The picture painted by Anagnostopoulos, who was born in Kadıköy, İstanbul, and who acquired his doctorate in Germany, becoming a priest at the age of 61 after working for 35 years, and the women wearing a headscarf about Turkey was completely opposite of the picture that those who planned the Cage action plan and other similar plans wanted to create.
What made this picture possible was the trip organized by Anagnostopoulos, a member of the Intercultural Dialogue Platform (KADİP), which was established within the body of the Journalists and Writers Foundation (GYV) to facilitate understanding between people of different faiths in Turkey.
This visit by a group of academics, journalists and writers was a de facto response to those who are trying to push the religious segment of society into a trap. Unlike what Ergenekon plans claim, religious people are not a threat to different religious groups living in this country. To the contrary, they are people who try to understand their problems and work to solve them.

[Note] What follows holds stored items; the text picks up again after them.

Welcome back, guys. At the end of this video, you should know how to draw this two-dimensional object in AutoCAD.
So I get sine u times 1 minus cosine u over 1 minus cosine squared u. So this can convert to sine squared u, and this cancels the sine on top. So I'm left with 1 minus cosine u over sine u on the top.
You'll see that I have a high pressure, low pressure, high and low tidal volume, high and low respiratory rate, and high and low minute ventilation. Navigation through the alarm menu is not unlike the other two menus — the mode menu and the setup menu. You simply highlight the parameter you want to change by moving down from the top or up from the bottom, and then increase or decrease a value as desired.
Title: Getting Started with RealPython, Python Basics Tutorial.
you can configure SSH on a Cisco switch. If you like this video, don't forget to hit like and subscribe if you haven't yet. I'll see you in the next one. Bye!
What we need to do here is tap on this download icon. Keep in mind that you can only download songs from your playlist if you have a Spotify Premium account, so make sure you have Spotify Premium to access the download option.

We listened to a short but exhilarating explanation about icons, church manners and leaders in Christianity from Father Theodor, who used to be former Foreign Affairs Minister İsmail Cem’s classmate at Robert College and currently serves as a priest at the church inside the Halki seminary, which also functions as a monastery. He explained that just like in mosques, there used to be a separate place for women in orthodox churches as well and that women used to participate in prayers separately until 1955. We listened to how they did not like it when people visited churches wearing revealing and inappropriate clothing.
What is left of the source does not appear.